# WHAT TO WORK ON:
Of all the lines below, output only those starting at the one with "Cute preschool kids" and ending at the one with "Fils à tricoter", both ends included, exactly as written.
++++ GIVEN DATA
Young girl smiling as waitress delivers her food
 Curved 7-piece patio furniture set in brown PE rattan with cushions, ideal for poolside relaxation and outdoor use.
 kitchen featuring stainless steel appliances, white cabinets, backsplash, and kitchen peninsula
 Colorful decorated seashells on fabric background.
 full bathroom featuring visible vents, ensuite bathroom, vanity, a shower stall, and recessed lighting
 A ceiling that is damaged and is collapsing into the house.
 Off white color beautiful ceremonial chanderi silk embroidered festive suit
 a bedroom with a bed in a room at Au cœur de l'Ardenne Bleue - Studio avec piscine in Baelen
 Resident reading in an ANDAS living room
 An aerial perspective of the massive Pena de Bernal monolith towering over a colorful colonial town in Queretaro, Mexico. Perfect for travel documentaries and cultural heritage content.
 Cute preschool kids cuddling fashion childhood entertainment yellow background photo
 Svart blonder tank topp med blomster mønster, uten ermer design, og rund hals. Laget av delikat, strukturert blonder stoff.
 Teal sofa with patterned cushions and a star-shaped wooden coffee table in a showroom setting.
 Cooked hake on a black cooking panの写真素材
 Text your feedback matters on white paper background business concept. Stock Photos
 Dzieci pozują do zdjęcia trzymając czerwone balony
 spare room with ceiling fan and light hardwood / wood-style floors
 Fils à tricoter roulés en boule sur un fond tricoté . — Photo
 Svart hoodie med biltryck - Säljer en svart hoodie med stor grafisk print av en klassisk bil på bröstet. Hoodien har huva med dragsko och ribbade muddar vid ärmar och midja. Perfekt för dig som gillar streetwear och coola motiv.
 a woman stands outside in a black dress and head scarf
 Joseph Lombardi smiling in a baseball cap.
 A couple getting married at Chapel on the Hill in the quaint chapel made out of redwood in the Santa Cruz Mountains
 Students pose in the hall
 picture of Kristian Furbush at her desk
++++++++
# RESPONSE TO THE TASK:
 Cute preschool kids cuddling fashion childhood entertainment yellow background photo
 Svart blonder tank topp med blomster mønster, uten ermer design, og rund hals. Laget av delikat, strukturert blonder stoff.
 Teal sofa with patterned cushions and a star-shaped wooden coffee table in a showroom setting.
 Cooked hake on a black cooking panの写真素材
 Text your feedback matters on white paper background business concept. Stock Photos
 Dzieci pozują do zdjęcia trzymając czerwone balony
 spare room with ceiling fan and light hardwood / wood-style floors
 Fils à tricoter roulés en boule sur un fond tricoté . — Photo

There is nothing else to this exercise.